Stored dataset items
════

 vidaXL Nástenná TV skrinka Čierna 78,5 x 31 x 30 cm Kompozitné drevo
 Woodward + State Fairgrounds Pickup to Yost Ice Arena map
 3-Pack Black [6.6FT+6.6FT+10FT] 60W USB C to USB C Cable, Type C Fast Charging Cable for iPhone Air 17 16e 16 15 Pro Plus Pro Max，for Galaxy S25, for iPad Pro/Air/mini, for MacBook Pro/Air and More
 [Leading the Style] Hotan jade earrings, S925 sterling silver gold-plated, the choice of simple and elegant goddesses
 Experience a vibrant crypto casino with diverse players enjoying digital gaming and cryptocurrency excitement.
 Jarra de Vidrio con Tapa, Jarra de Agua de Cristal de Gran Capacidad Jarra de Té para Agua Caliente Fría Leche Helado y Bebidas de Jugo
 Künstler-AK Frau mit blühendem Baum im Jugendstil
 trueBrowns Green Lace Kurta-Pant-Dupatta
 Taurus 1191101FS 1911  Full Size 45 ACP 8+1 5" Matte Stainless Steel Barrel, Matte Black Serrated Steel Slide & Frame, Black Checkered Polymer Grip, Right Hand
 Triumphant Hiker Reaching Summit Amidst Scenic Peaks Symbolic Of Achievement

════

#### [Task requirements]
Would you copy all lines in the records where the string "Black" appears?

#### [Task output]
 3-Pack Black [6.6FT+6.6FT+10FT] 60W USB C to USB C Cable, Type C Fast Charging Cable for iPhone Air 17 16e 16 15 Pro Plus Pro Max，for Galaxy S25, for iPad Pro/Air/mini, for MacBook Pro/Air and More
 Taurus 1191101FS 1911  Full Size 45 ACP 8+1 5" Matte Stainless Steel Barrel, Matte Black Serrated Steel Slide & Frame, Black Checkered Polymer Grip, Right Hand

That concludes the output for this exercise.